Gluth-Bohan noticed the tiny forks and decided to leave Minnesota to pursue a career as a lawyer. She moved to Seattle to become CEO and owner at TRInternational, an Edmonds-based chemical supply company whose customers include everything from drilling for oil to making infant formula.
In a Dec. 2, interview, Gluth Bohan spoke about her career, chemicals, and her hopes for her children.
Hobbies: Backyard birding. "I have two pileated woodpeckers, and they still have hummingbirds. It's cold. This is my joy. Honors: Business Journal 40 Under 40 honoree for 2016
Day in the Life
10:30 p.m.-10.30 a.m.: Get in bed
How did you get from Seattle to Seattle?
My first wife died from cancer. I needed some fresh scenery to help me grieve. ... I live with family in Seattle, and I wanted to be closer. A friend from law school told me, "You have to meet this guy Tony." I replied, "OK," and he was there when I met him.
Tony Ridnell is the founder of TRInternational. You stated that you hoped he would connect you with some Seattle law firms.

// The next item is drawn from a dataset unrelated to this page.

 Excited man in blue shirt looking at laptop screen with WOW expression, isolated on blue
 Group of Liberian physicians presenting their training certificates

We began a conversation about current events, the best way to run a business and our thoughts. He asked me, right as I was about to leave, "What do your thoughts on Obamacare?" This was 2011, or 2012. This was either 2011 or 2012. I returned home, wrote to him, and stated that I could help you to dismantle Obamacare as an attorney. But I must tell you that if you want anyone to work for your company, they have to have health insurance. I hit send, and he called me. He offered me the job of general counsel for the company.

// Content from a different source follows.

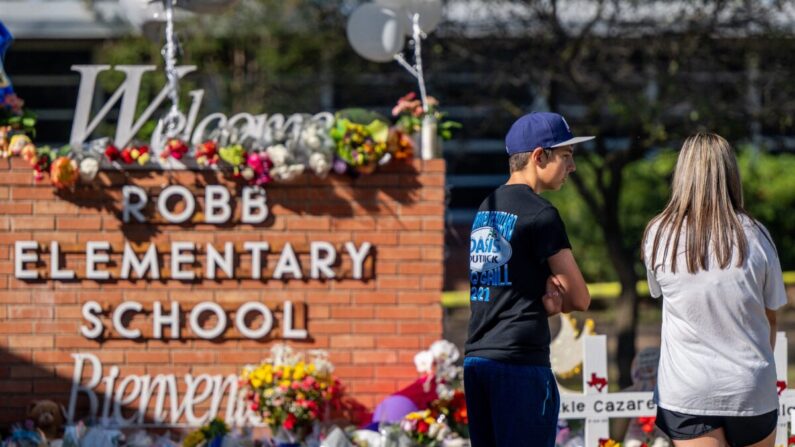 Jóvenes miran un monumento en la escuela primaria Robb después de un tiroteo masivo en Uvalde, Texas, el 26 de mayo de 2022. (Brandon Bell/Getty Images)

You were appointed CEO after six years. Which qualities made you a trusted advisor and now a person who is ultimately responsible?
It is important that I am honest and genuine. You must be honest with people in order to be their trusted advisor. Anyone who has ever worked as a lawyer or adviser will know this. I was often the one in a room during my career where people didn't want to hear the truth, and I was that person. It was my job that I delivered this message. As a CEO, it's not that different. ... I simply say "This is broken" when something is not working.
How was your childhood?
I was raised in an Iowa small town. My family was poor. My mom would spend hours in the grocery store, circling it for as long as she could when I was a child. She was sure to make sure that no one she knew would be there when she was on food stamps. Her dignity was evident in that. It is a matter of dignity to work and being able to support your family. As an employer, I take this seriously.
You got married again. Your wife was once a National Park Service forest Ranger. You make a living selling chemicals. What is your dinner conversation like?
It's not like there's a lot of conflict because people often hear chemicals and think, "Oh my god, hazardous waste." It's not that way. We screen all our customers thoroughly to ensure that they are competent to handle chemicals. We have, collectively, established a set standards that surpasses the requirements of government. It's not because it sounds good. We all love to camp, hike, and drink water from the land we work on. This is something we all want to do the best.
Two girls are 5 and 3 years old. What can you give them that you didn’t get as a child, and what are you doing to make it better?
It's like my peers, who I grew up with, were put into a system and made to do the same. While I don't think that's wrong, what I find interesting about this moment in parenting is the fact that I watch my daughters grow and become who they are. There are limits. It is important to be kind to others and to have good manners. I want them to be themselves, whatever that may be.